Embarazo

Y así empezó todo…

Bienvenidos a la primera entrada de Mamá ladeAda!  Como no podía ser de otra manera, empecemos por el principio:

Nací un bonito día de otoño en el que las hojas de los árboles se precipitaban descuidadamente al suelo al tiempo que los pájaros… era broma!

Comenzaremos esta historia en agosto de 2017, más concretamente el día 12, que para nosotros fue y siempre será una fecha señalada: el día de nuestra boda.

Fui una de esas novias que tiene la suerte de que le toque el inicio del período justo el día de la boda, así que os podéis imaginar lo preparada que iba yo en mi interior por si alguien decidía hacer su aparición estelar el día que iba de blanco.

La boda fue genial, como decimos todas de la nuestra (si algún día queréis saber más, igual os la cuento). Llegó la noche y por allí no había ni rastro de la regla, normal, los nervios, el ajetreo… se retrasará.
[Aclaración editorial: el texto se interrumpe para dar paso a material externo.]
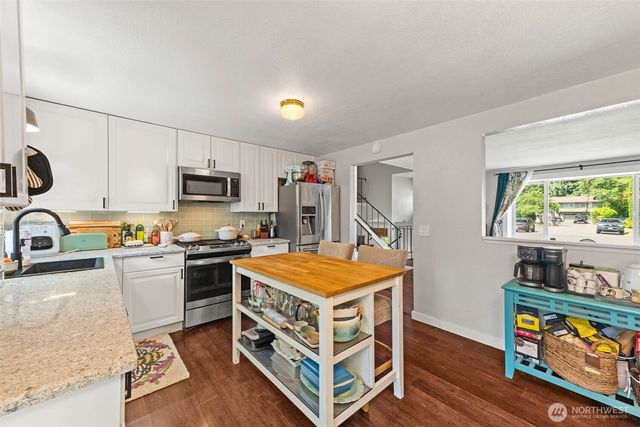 34408 27th Avenue SW, Federal Way, WA 98023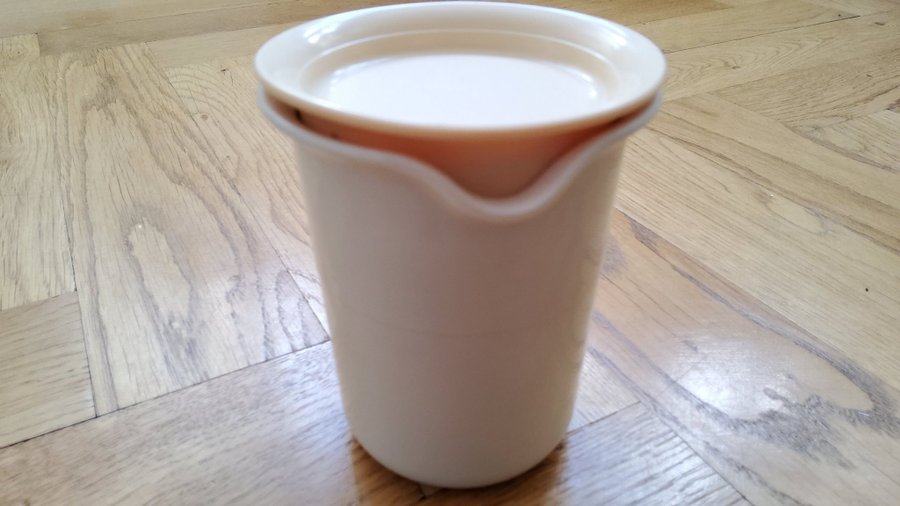 Förvaringskanna eller kaffe/temugg med lock från Tupperware i fint skick!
Al día siguiente salimos de Luna de miel, primera parada: París. Llegamos por la noche, directitos a dormir. Fueron pasando los días y oye, que estás tan a gusto, recién casados, haciendo turismo, comiendo fuera, sin preocupaciones… Y llegó el cuarto día.

Empecé a notar cosas raras, como tirones en la parte baja del vientre, hacia la ingle. Me empecé a mosquear, llevaba ya cuatro días de retraso y eso en mi no era normal, así que sólo había tres posibilidades, o los nervios de la boda eran de gran alcance y todavía estaba con ellos, o mi tiroides estaba haciendo de las suyas otra vez o… o, ay madre, estaba embarazada!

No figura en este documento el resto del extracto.